:: WORKING DATA ::

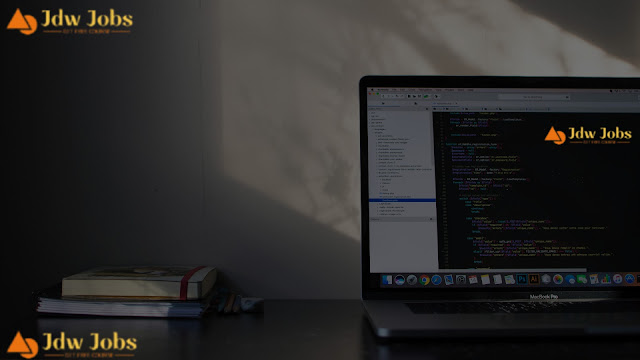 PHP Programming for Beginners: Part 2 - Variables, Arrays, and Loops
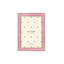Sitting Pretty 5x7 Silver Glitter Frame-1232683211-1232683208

:::
:: WORKING DATA ::

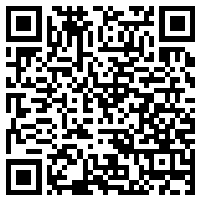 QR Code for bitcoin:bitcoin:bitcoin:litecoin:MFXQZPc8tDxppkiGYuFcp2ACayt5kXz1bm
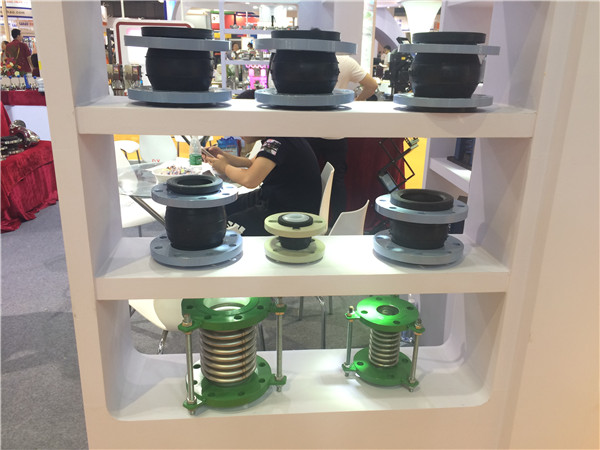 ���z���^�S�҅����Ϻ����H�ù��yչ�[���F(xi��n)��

:::

**PROBLEM**: Beginning with the line holding "PHP Programming for" in the material above, restate word for word each line through the line holding "Sitting Pretty 5x7", and exclude pictures.

**SOLUTION TO THIS EXERCISE**:
 PHP Programming for Beginners: Part 2 - Variables, Arrays, and Loops
Sitting Pretty 5x7 Silver Glitter Frame-1232683211-1232683208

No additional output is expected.